We also agree with the CA that the labor arbiter and the NLRC gravely misinterpreted the section in the SSC Faculty Manual, which purportedly provided for a lower academic requirement for full-time faculty members with the rank of instructor, regardless of whether they have attained permanency or are still on probation. The labor arbiter refers to the following section in the SSC Manual where it stated that only full-time and half-time faculty members are ranked. Also the manual stated that there are 4 probationary ranks and 8 permanent ranks with a minimum requirement of having at least 25% of masteral units completed.

As correctly pointed out by the CA, the aforecited minimum requirements provided for the rank of instructor merely refer to how instructors are ranked, and not to the academic qualifications required to attain permanency. It must be noted that the section in the SSC Faculty Manual on the ranking of instructors cover those who are still on probationary employment and those who have already attained permanency. It would therefore be erroneous to simply read the section on the ranking of instructors without taking into consideration the previously quoted section on permanency in order to determine the academic qualifications for the position of permanent full-time faculty member with the rank of instructor. Thus, to properly arrive at the criteria, the sections on both the permanency and the ranking of an instructor, as provided in the SSC Manual, must be read in conjunction with each another.

LABOR LAW: management prerogative

At this juncture, we reiterate the rule that mere completion of the three-year probation, even with an above-average performance, does not guarantee that the employee will automatically acquire a permanent employment status. It is settled jurisprudence that the probationer can only qualify upon fulfillment of the reasonable standards set for permanent employment as a member of the teaching personnel. In line with academic freedom and constitutional autonomy, an institution of higher learning has the discretion and prerogative to impose standards on its teachers and determine whether these have been met. Upon conclusion of the probation period, the college or university, being the employer, has the sole prerogative to make a decision on whether or not to re-hire the probationer. The probationer cannot automatically assert the acquisition of security of tenure and force the employer to renew the employment contract. In the case at bar, Manaois failed to comply with the stated academic qualifications required for the position of a permanent full-time faculty member.

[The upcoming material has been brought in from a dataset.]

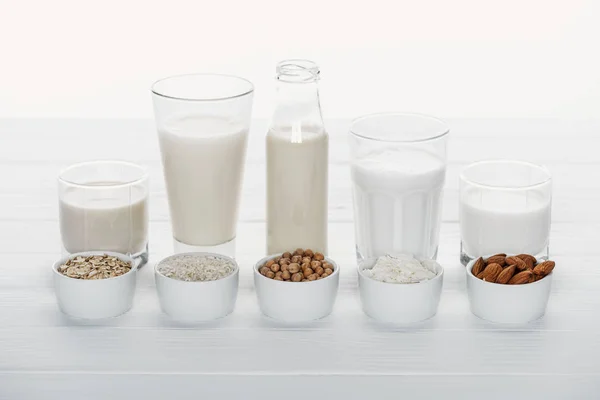 Vasos y botella con coco, garbanzo, avena, arroz y leche de almendras en mesa de madera blanca con ingredientes en cuencos aislados en blanco - foto de stock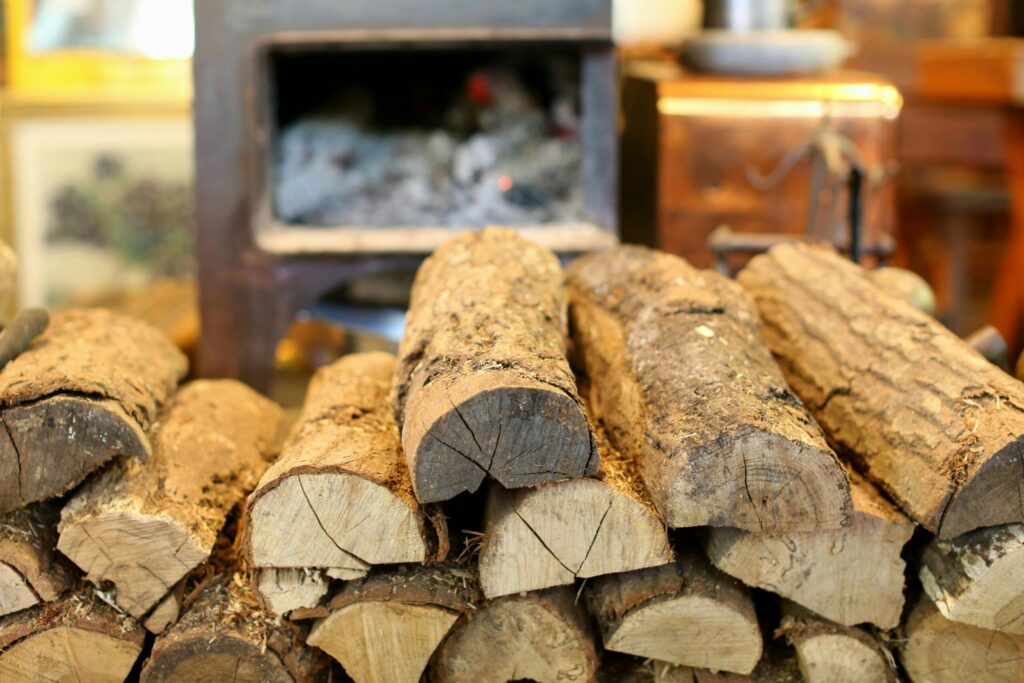 A rustic stack of firewood in front of a cozy indoor fireplace, creating a warm ambiance.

Notwithstanding the existence of the SSC Faculty Manual, Manaois still cannot legally acquire a permanent status of employment. Private educational institutions must still supplementarily refer to the prevailing standards, qualifications, and conditions set by the appropriate government agencies. This limitation on the right of private schools, colleges, and universities to select and determine the employment status of their academic personnel has been imposed by the state in view of the public interest nature of educational institutions, so as to ensure the quality and competency of our schools and educators.

ADMINISTRATIVE LAW: government regulations in the education sector

The applicable guidebook at the time petitioner was engaged as a probationary full-time instructor for the school year 2000 to 2003 is the 1992 Manual of Regulations for Private Schools. It provides the following conditions of a probationary employment:

Section 92. Probationary Period. Subject in all instances to compliance with Department and school requirements, the probationary period for academic personnel shall not be more than three (3) consecutive years of satisfactory service for those in the elementary and secondary levels, six (6) consecutive regular semesters of satisfactory service for those in the tertiary level, and nine (9) consecutive trimesters of satisfactory service for those in the tertiary level where collegiate courses are offered on the trimester basis.

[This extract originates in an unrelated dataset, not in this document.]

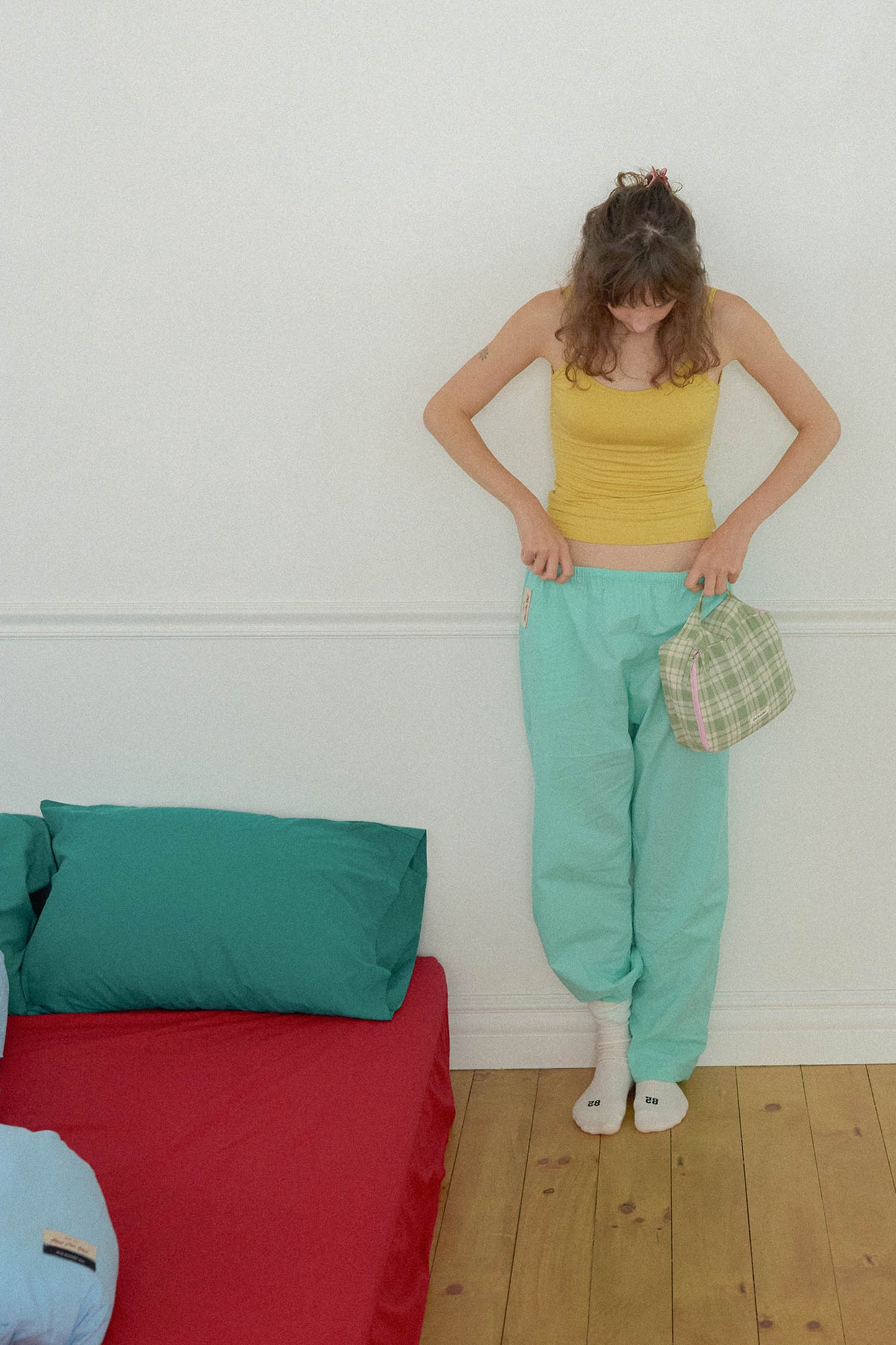 A woman stands in a bedroom wearing a yellow ribbed tank top and mint green baggy sweatpants, holding Hotel827 small cotton travel pouch in evergreen.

Section 93. Regular or Permanent Status. Those who have served the probationary period shall be made regular or permanent. Full-time teachers who have satisfactorily completed their probationary period shall be considered regular or permanent. (Emphases supplied)

Considering that petitioner ultimately sought for the position of a permanent full-time instructor, we must further look into the following provisions under the 1992 Manual, which set out the minimum requirements for such status:

Section 44. Minimum Faculty Qualifications. The minimum qualifications for faculty for the different grades and levels of instruction duly supported by appropriate credentials on file in the school shall be as follows:

(1) For undergraduate courses, other than vocational:

Holder of a masters degree, to teach largely in his major field; or, for professional courses, holder of the appropriate professional license required for at least a bachelor's degree. Any deviation from this requirement will be subject to regulation by the Department.

Section 45. Full-time and Part-time Faculty. As a general rule, all private schools shall employ full-time academic personnel consistent with the levels of instruction.

Full-time academic personnel are those meeting all the following requirements:

a. Who possess at least the minimum academic qualifications prescribed by the Department under this Manual for all academic personnel; etc etc.

All teaching personnel who do not meet the foregoing qualifications are considered part-time.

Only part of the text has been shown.